Cartesio pensava che il pensiero non occupasse spazio, che fosse solo nel tempo, e così il sapere. Per Macedonio non è così, perché “ogni stato coscienziale pone un limite alla presenza simultanea di altri stati”. Due stati coscienziali non possono occupare lo stesso luogo nella coscienza, tendono cioè “a non poter occupare lo stesso istante coscienziale”. Quindi ogni stato di coscienza è una totalità irriducibile, è un tutto senza possibilità di relazionarsi ad altre totalità. Per Macedonio l’essere è come il sogno, intero, di un’anima, un sogno solipsistico, perché nessuna sensibilità è plurale. Non c’è nulla oltre ciò che sento; non esiste ciò che gli altri sentono, e tutto l’essere è in ciò che sento. Tutti questi assoluti coscienziali potrebbero però, in un’ipotesi estrema, essere concepiti per Macedonio come dei riflessi di un unico mono–individuo coscienziale, perché altrimenti ciascuno di loro sarebbe totalmente il reale, un elemento solipsistico che si staglia nel nulla coincidendo col tutto, ma in contraddizione per questo con l’esserlo anche di tutti gli altri.
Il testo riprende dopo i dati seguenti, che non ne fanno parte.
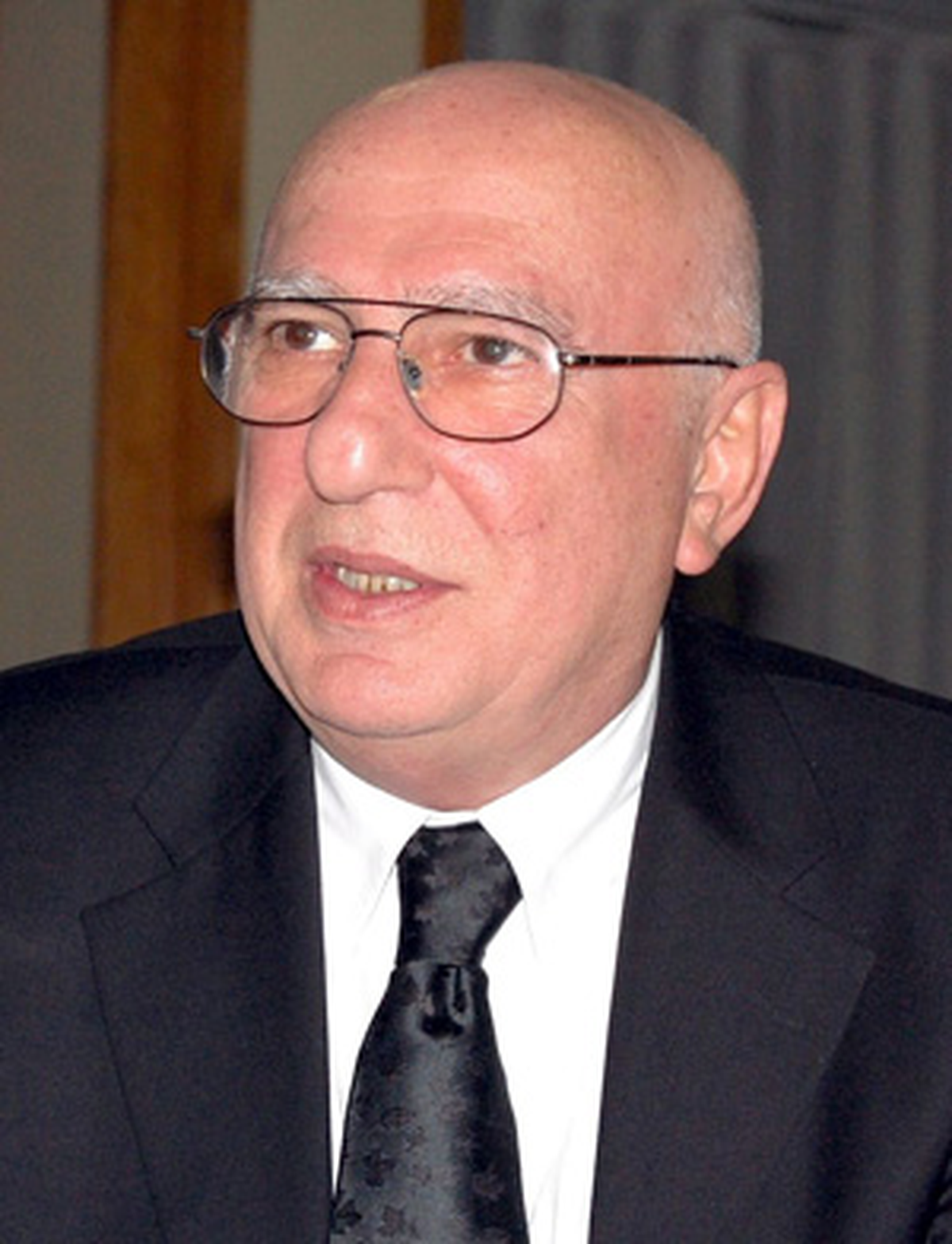 Dev Altyapı Projesinde Önemli Adım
Non meno solo di ogni individuo normale, quest’individuo mono–coscienziale immortale potrebbe essere ritenuto anche sostanzialmente irreale, dato che, a causa della sua solitudine assoluta, essendo deprivato di ogni suo possibile riflesso, non sarebbe in grado di produrre alcuna consapevolezza di sé; ma proprio questa circostanza potrebbe viceversa averlo indotto a disperdersi in riflessi infiniti, per poi di nuovo comprimerli in una sorta di Aleph che tutto riassume ed esprime nell’iridescenza di uno stesso uno–tutto. Quest’individuo mono-coscienziale immortale di cui parla Macedonio, non meno unico e causa sui del Dio di Baruch Spinoza, attesterebbe la sua realtà attraverso la propria deflagrazione nei suoi infiniti attributi e riflessi e modi, tali da restituirgli la propria immagine solo nel suo infinito dissolvimento e auto-rispecchiamento. Non sarebbe quindi meno reale, e avrebbe come il Dio di Spinoza l’innecessario e gratuito conforto di cogliersi in quel proprio unitario iridescente riflesso, nella moltitudine che non è e di cui pur garantisce e conserva l’essere nell’attesa eterna che si produca lo sguardo, sempre nuovo ma in fondo mai diverso, che sia capace di cogliere l’essere nell’unità del molteplice, nell’uno-tutto di se stesso.
Macedonio Fernández, Cuadernos de Todo y Nada, Corregidor, Buenos Aires.